First Step into New Construction
You may think that the first step is to buy a plot of land, but there are different ways to go about this. Financing and budget play a huge part in the process! Some people will buy land and obtain a construction loan to finance the building portion. Keep in mind that you cannot “refinance” a loan within a 1 year period; therefore, it’s important to figure out the financing of the land and the construction before you buy just the land.
In other cases, you might pick out the land but have the builder buy the land, build your house, and then sell the completed home to you. Typically, the builder will require a large deposit to help fund the construction. This might be as low as a 5%-10% down payment or the builder may require a much larger deposit. This deposit then becomes your “down payment” for your loan. In any case, having your own Buyers Agent can help you decide what the best route is for you.
Considerations of Land/Local Area
Location, location, location! Just like with buying homes, it’s important to know if the local area is going to fit you and your family’s needs (neighbors, traffic, schools, places of interest, crime, etc.). An additional consideration is specific site condition of land that you will be building on.
- Are there parts of the landscape that might require additional money during the construction process? Ledge can add significant cost to the site work if they have to do blasting for example.

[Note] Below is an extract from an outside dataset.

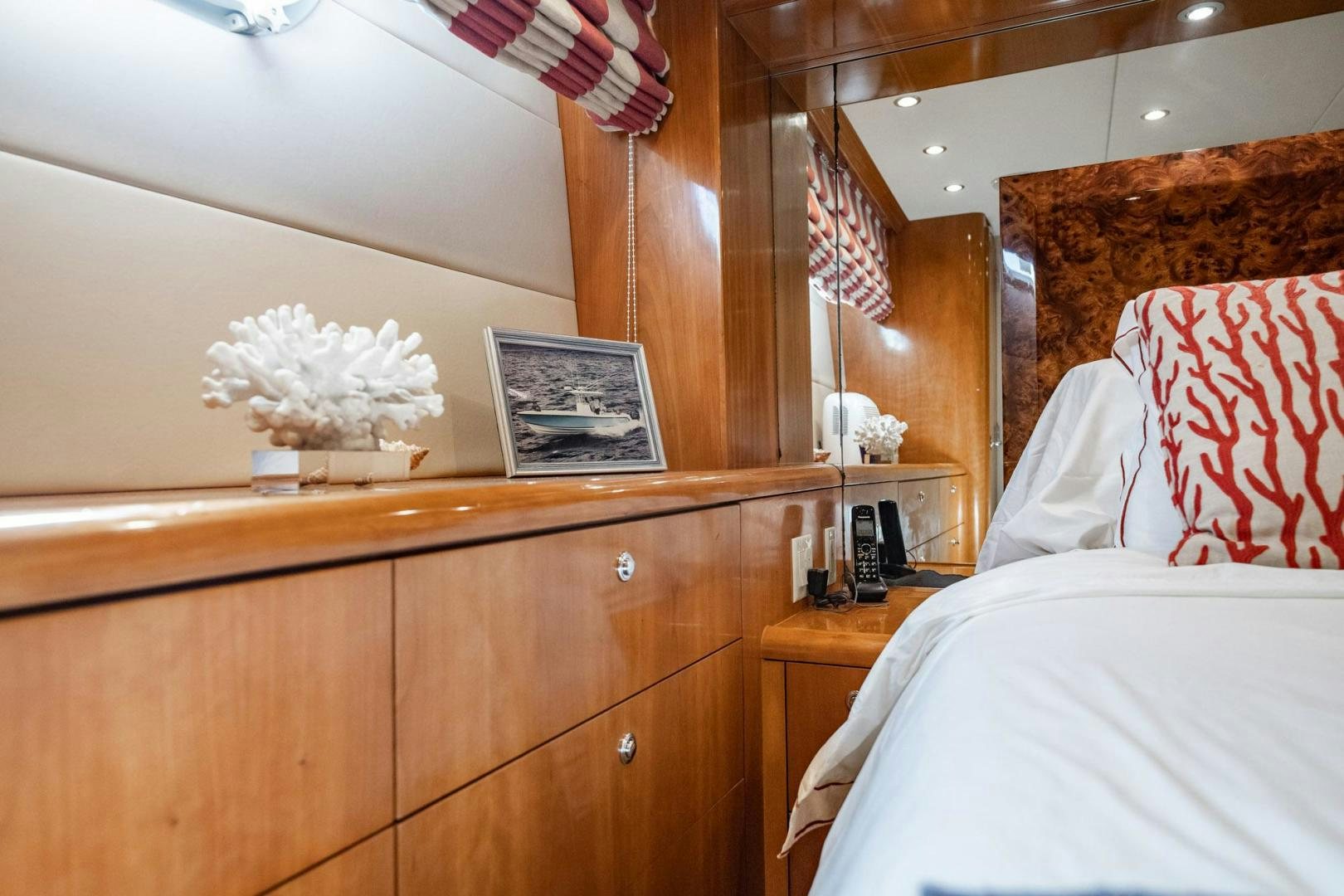 a bedroom with a dresser and a bed aboard CRISTINA Yacht for Sale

- Is the property close to public utilities? Do you need to consider alternatives/spending a great deal of money to be connected? Sometimes public water or sewer lines are very expensive to connect to if they have to dig open a major road and re-pave the road after connection as an example.
- Is this an area that is susceptible to natural disasters like flooding? Flood insurance can add significant cost to your monthly payment. There may even be areas deemed protected wetlands that require certain setbacks for the structure to be constructed.

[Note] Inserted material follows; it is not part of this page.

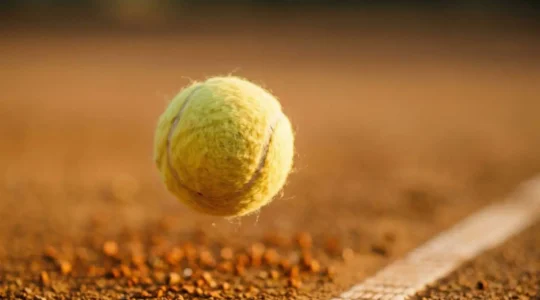 Balle de tennis en plein vol avec effet lifté visible sur court en terre battue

- Are there any easements or encroachments that might affect where you build? Maine is an old state and a long abandoned road might still have an impact on building setbacks.

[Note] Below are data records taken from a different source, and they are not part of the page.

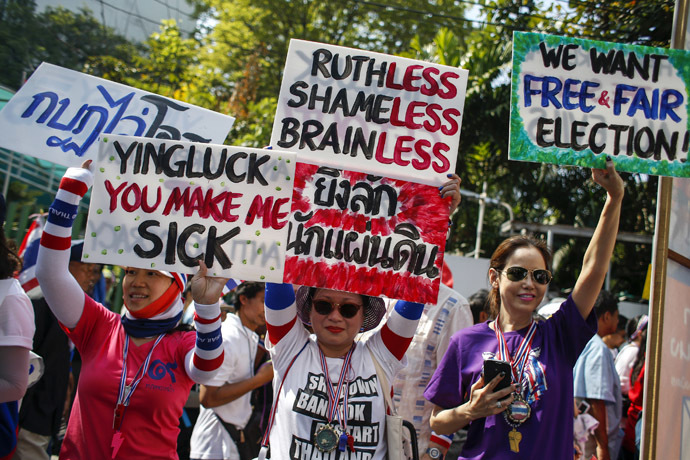 Anti-government protesters hold placards during a march through central Bangkok January 30, 2014. (Reuters/Athit Perawongmetha)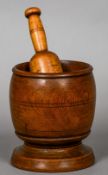 A 19th century turned elm and beech pestle and mortar
The mortar 17.5 cm high.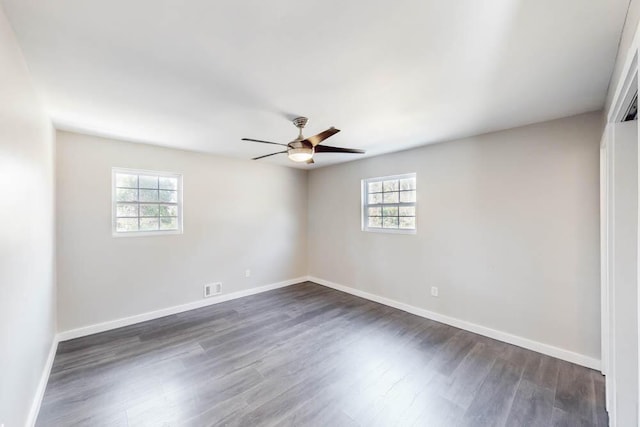 unfurnished room with plenty of natural light, dark hardwood / wood-style floors, and ceiling fan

Having an experienced Real Estate Agent can help you navigate this sometimes tricky process and when necessary help you find qualified professionals like surveyors, title attorneys, and engineers.
Deciding What Dream Home to Build
There are several different ways to go about deciding what to build. Many builders have model homes with predetermined layouts that allow you to customize the materials used and add upgrades. Some builders can go a little more customized and allow the buyer to have “allowances” for rooms such as the kitchen and bathroom be pre-built into the construction loan. Keep in mind that sometimes these allowances will not cover every possible upgrade and you may end up spending over the allowance which is added to the sales price or purchased out of pocket.
Beyond just working with a builder, you can completely customize the experience by hiring an architect to help plan out every detail of the home to your specification. This does tend to increase the overall price for construction, but you would have more control over every facet of your new, dream home.
Timing in Maine
The general time frame for a new construction is about 120 – 150 days from start to finish, although bigger or more customized builds can take longer. For Maine in particular, winter construction and making sure you dream home can withstand the harsh climate in the later half of the year are important things to consider.
When breaking ground, bigger construction outfits have ground thawing equipment which might be necessary for installing foundations in deep frost. Modern concrete can generally be installed year round with accelerators, insulation, and heaters; however, this may cause an increase in cost and potential delays in the worst part of winter. Building in winter can also run into additional costs in heating during the construction. You need stable temperatures for polyurethane, sheetrock mud, paint, floor acclimation, etc.